How philanthropy could help fund the park
Keesmaat has suggested in the past that donations from philanthropists could be one way to raise money for the massive park. But how, exactly, can Toronto court the wealthy? Jesse Brackenbury, executive director of the Rose Kennedy Greenway Conservancy, the nonprofit that oversees a mile and a half of green space perched atop a highway tunnel in Boston, says part of it has to do with what the money itself will go towards. “Philanthropists don’t really want to cut the grass,” he notes. “What they want to pay for is public art and programming.” That way, they perceive it as more than just a park, which they may think their tax dollars should simply cover.
Jamie Torres Springer, senior principal at HR&A Advisors Inc., which advised on New York City’s elevated High Line park, notes who asks for the money can influence prospective donors’ decisions, too. “Government can’t be the one asking for it because people don’t want to donate money to the government,” says Springer. “If you’re able to demonstrate that you have this very unique asset that’s in some ways not part of the park system… people are willing to pay,” he adds.

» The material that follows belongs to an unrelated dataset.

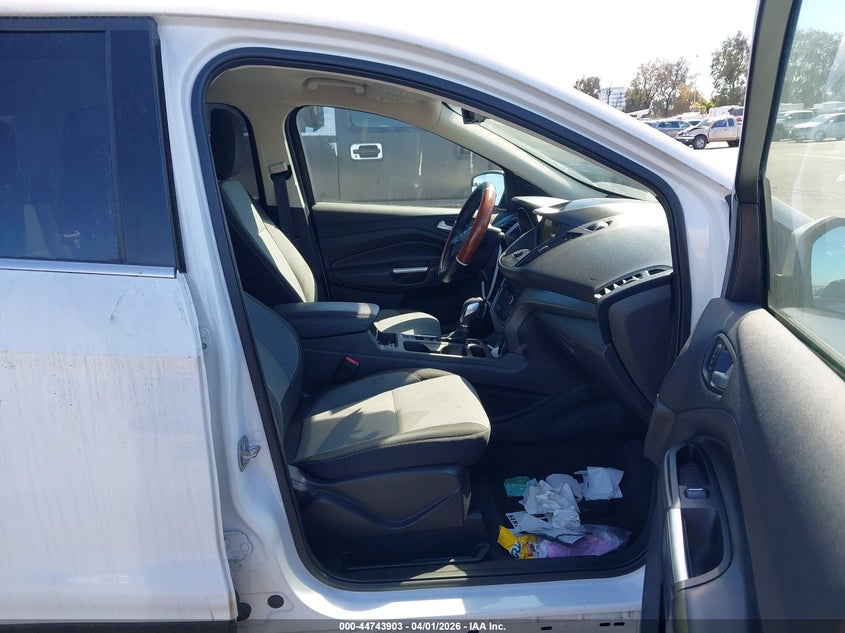 2019 Ford Escape VIN 1FMCU0GD6KUA21694 IAAI salvage auction — NORMAL WEAR, Clear (California), sold $1,750 on 2026-07-09 (photo 5)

Transit connections are key
“[Rail Deck Park] will in fact be providing connections between east and west, between north and south, in an area where there’s a really big gap and if we think about the movement systems through the park. It will, in fact, expose the park to a lot more people who might not otherwise use it,” says Keesmaat.
Her statement followed comments from Daniel Jongtien, an architect at Benthem Crouwel Architects, which has been working on the master plan for Amsterdam Central Station. Like Toronto, Amsterdam is seeing real estate prices in its relatively small downtown climb, but public transit ensures the population can enjoy the prime riverside space even if they don’t live right there. “We have the very powerful connection between the Amstel River open space and the transit system to counter [challenges to inclusion].”

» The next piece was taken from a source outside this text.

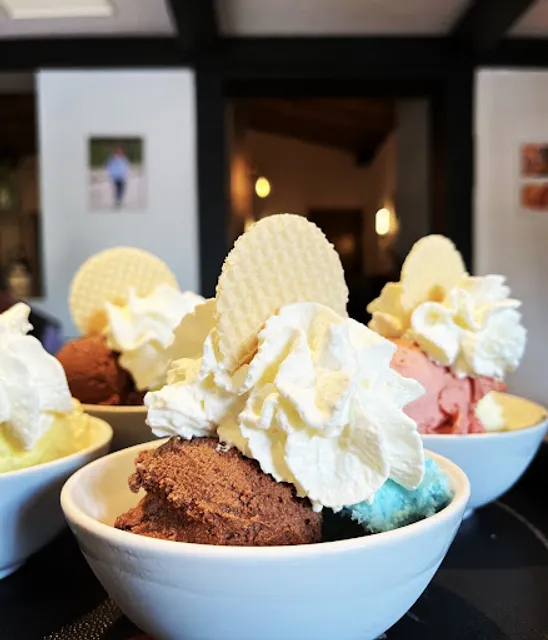 Rewend Restaurant Café Bar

“The transit system is very important because people don’t use it out of idealism, but it’s simply [the] best way to get across town. Because of that, it means that all people can get to that area,” he adds.
A major park really can unite a city
“Are these really just playgrounds for the rich?” Keesmaat asks the panel, reference the line of thinking that can interfere with large public projects like the Rail Deck Park. Matt Nielson, deputy commissioner, Department of Cultural Affairs and Special Events: Chicago Millennium Park, shows another way to promote inclusivity in public spaces and bring a city together. “Most everything we do is free, free, free. That’s what we say, all the time,” says Nielson of the park’s programming.
To engage visitors from all around the city, not just the downtown, Chicago’s Millennium Park holds events organized by communities from all corners of the city. The City has shifted from being a presenter to a host, Nielson explains. “There are people in Chicago who have never seen the lakefront,” he says. “We can use this park as a mechanism to open up that access for diversity and for inclusion.”